Search code examples
rdatabasedbidbplyr

How to use DBI::dbConnect() to read and write tables from multiple databases


I have a Netezza SQL server I connect to using DBI::dbConnect. The server has multiple databases we will name db1 and db2.

I would like to use dbplyr as much as possible and skip having to write SQL code in RODBC::sqlQuery(), but I am not sure how to do the following:.

1) How to read a table in db1, work on it and have the server write the result into a table in db2 without going through my desktop?
2) How to do a left join between a table in db1 and another in db2 ?

It looks like there might be a way to connect to database ="SYSTEM" instead of database = "db1" or "db2", but I am not sure what a next step would be.

con <- dbConnect(odbc::odbc(),
             driver = "NetezzaSQL",
             database = "SYSTEM",
             uid = Sys.getenv("netezza_username"),
             pwd = Sys.getenv("netezza_password"),
             server = "NETEZZA_SERVER",
             port = 5480)

Solution

  • I work around this problem on SQL server using in_schema and dbExecute as follows. Assuming Netezza is not too different.

    Part 1: shared connection

    The first problem is to connect to both tables via the same connection.
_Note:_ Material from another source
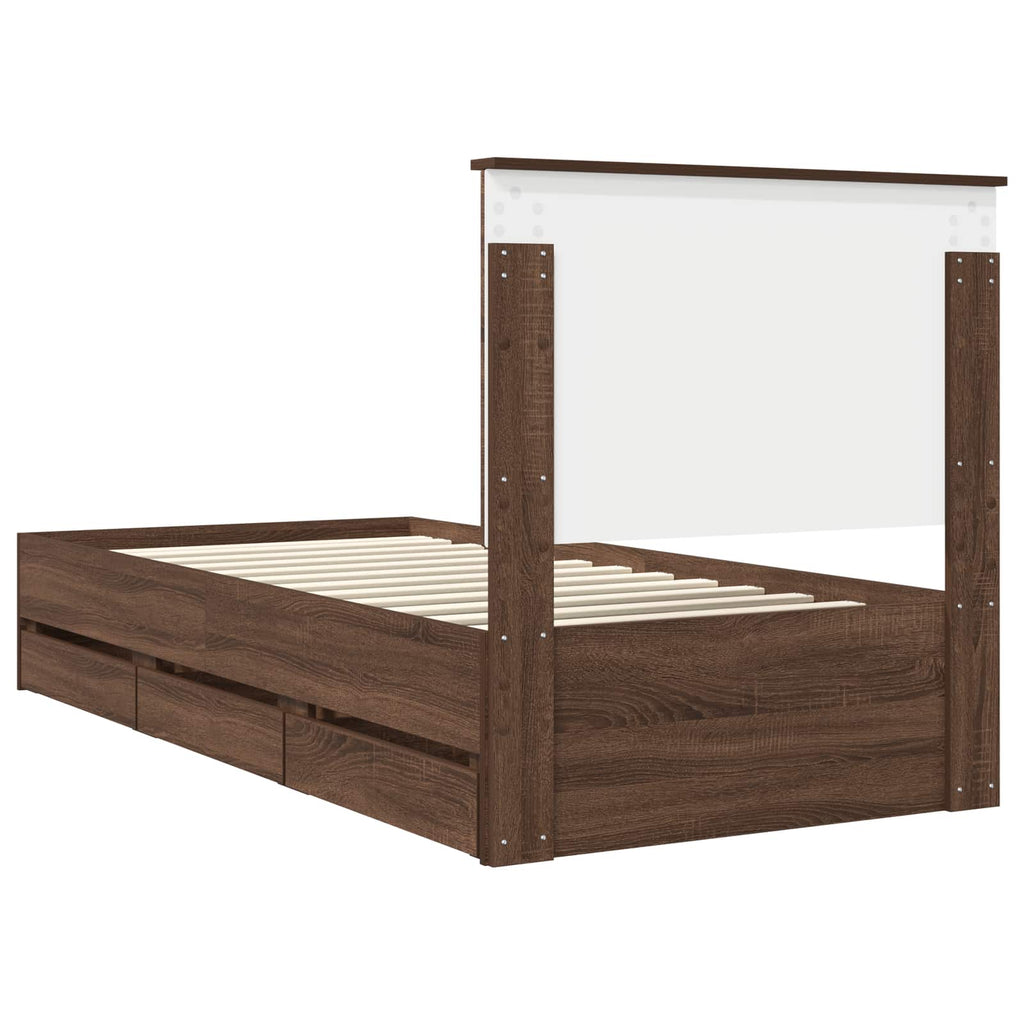 Bed Frame with Drawer Brown Oak 90 x 190 cm Engineer Wood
If we use a different connection then joining the two tables results in data being copied from one connection to the other which is very slow.

    con <- dbConnect(...) # as required by your database
    
    table_1 <- dplyr::tbl(con, from = dbplyr::in_schema("db1", "table_name_1"))
    table_2 <- dplyr::tbl(con, from = dbplyr::in_schema("db2.schema2", "table_name_2"))
    

    While in_schema is intended for passing schema names you can also use it for passing the database name (or both with a dot in between).
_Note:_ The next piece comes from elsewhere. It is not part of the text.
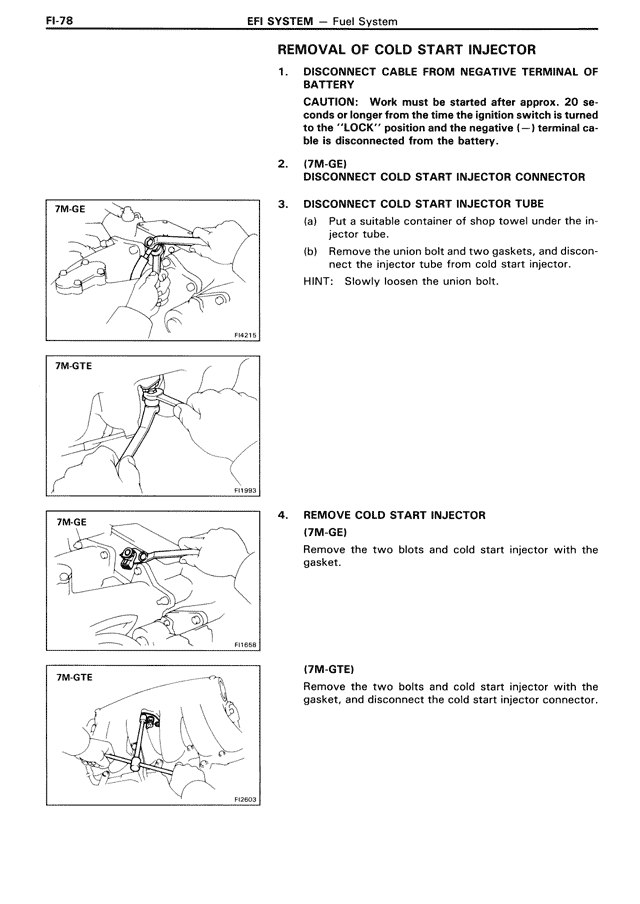 Removal of Cold Start Injector — MK3 Supra EFI System, page 78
    The following should now work without issue:

    # check connection
    head(table_1)
    head(table_2)
    
    # test join code
    left_join(table_1, table_2, by = "id") %>% show_query()
    # check left join
    left_join(table_1, table_2, by = "id") %>% head()
    

    Part 2: write to datebase

    A remote table is defined by two things

    1. The connection
    2. The code of the current query (e.g. the result of show_query)

    We can use these with dbExecute to write to the database. My example will be with SQL server (which uses INTO as the keyword, you'll have to adapt to your own environment if the sql syntax is different).
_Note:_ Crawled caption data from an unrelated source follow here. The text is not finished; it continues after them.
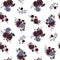 Beautiful vector seamless pattern with watercolor dark blue, red and black dahlia hydrangea flowers. Stock illustration.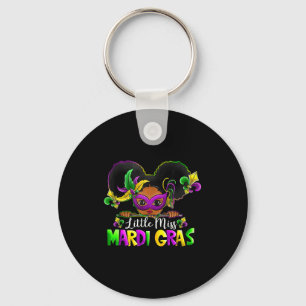 Girls New Little Miss Mardi Gras Afro Keychain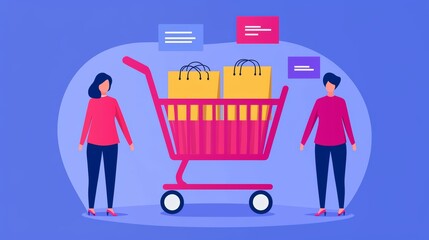 Wall Mural - illustration of customer journey concept with shopping cart and customers in modern flat design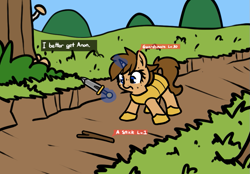 Size: 865x601 | Tagged: safe, artist:neuro, oc, oc only, pony, unicorn, adorable distress, armor, blue eyes, cute, dialogue, female, frown, game mechanics, guardsmare, hoof shoes, horn, innocent guardsmares, looking at something, magic, mare, open mouth, royal guard, rpg, scared, solo, stick, sweat, telekinesis, text, unicorn oc, wide eyes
    # optional, extract connection from table-to-save
    con <- table_to_save$src$con
    
    # SQL query
    sql_query <- paste0("SELECT *\n",
                        "INTO db1.new_table \n", # the database and name you want to save
                        "FROM (\n",
                        dbplyr::sql_render(table_to_save),
                        "\n) subquery_alias")
    # run query
    dbExecute(con, as.character(sql_query))
    

    The idea is to create a query that can be executed by the database that will write the new table. I have done this by treating the existing query as a subquery of the SELECT ... INTO ... FROM (...) subquery_alias pattern.

    Notes:

    • If the sql query produced by show_query or sql_render would work when you access the database directly then the above should work (all that changes is the command is arriving via R instead of via the sql console).
    • The functions I have written to smooth this process for me can be found on here. They also include appending, deleting, compressing, indexing, and handling views.
    • Writing a table via dbExecute will error if the table already exists in the database, so I recommend checking for this first.
    • I use this work around in other places, but inserting the database name with in_schema has not worked for creating views. To create (or delete) a view I have to ensure the connection is to the database where I want the view.